Versioning: Versioning preserves objects even if deleted or overwritten. This safeguards against accidental mismatches or application bugs.

Encryption: Enable encryption both in-transit and at-rest for robust data security against physical disasters.

Multi-part uploads: Break up large data into parts for faster, parallel and reliable uploads

Retry failed requests: Temporary failures or throttling errors can be retried via automated exponential backoff.

Adhering to these discipline will help achieve true enterprise grade reliability.

Troubleshooting Issues

End users can occassionally encounter frustrating issues like throttling errors, access denials or performance problems. Let‘s explore remedies for common scenarios:

Throttling errors or slow uploads: S3 buckets have default limits on maximum request rates and concurrency. You can request S3 support to raise these limits by providing usage details. Alternative parallelize large uploads using multi-part.

Access denied errors: Check the IAM permissions assigned to the user. Explicitly allow the s3:GetObject, s3:PutObject and other actions as needed for your use case. Resource policies may also block unintended access.

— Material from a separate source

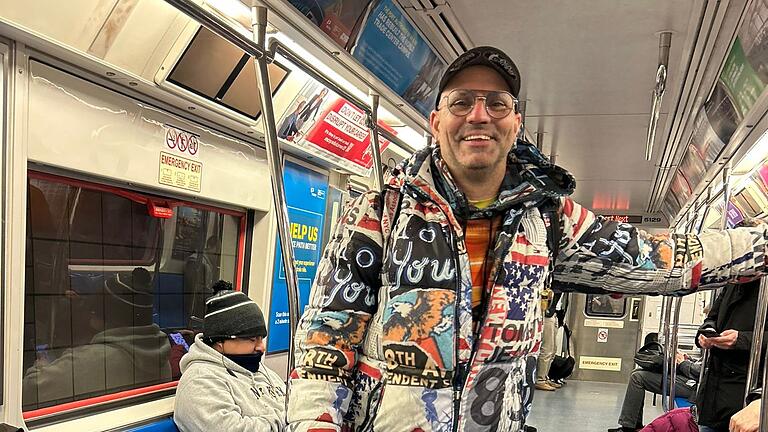 Oliver Grieb ist in den Straßen von New York zu Hause und mit seinen verrückten Outfits ein echter Hingucker. Oliver Grieb ist in den Straßen von New York zu Hause und mit seinen verrückten Outfits ein echter Hingucker.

High latency performance: Enable S3 transfer acceleration to use the AWS global network and CloudFront edge locations for faster data transfer over long distances.

Multipart upload failures: These uploads have large number of parts so timeouts can cause failures. Set higher socket timeouts. Or use S3 byte-range uploads to handle large files more efficiently.

Query performance issues: For large datasets use S3 Select to filter rows or query data directly instead of pulling entire contents. Also avoid listing millions of small objects unnecessarily.

Getting familiarity with these common scenarios will you diagnose and troubleshoot future cases easily.

Conclusion

In this comprehensive guide, we explored AWS S3 internals, CLI usage and programming integration at depth along with best practices.

The simple yet powerful AWS S3 CLI commands allow efficiently interacting with object storage programatically for infrastructure automation purposes.

For custom application development, use AWS S3 SDKs instead to tightly integrate storage capabilities directly into your own code.

Following the security, cost and reliability guidelines is vital for smooth long term operations at scale.

S3 forms the foundation for many big data lakes and modern cloud native workloads. I hope this article provided a 360 degree perspective so you can utilize it‘s capabilities for your projects confidently!

Let me know if you have any other questions in the comments!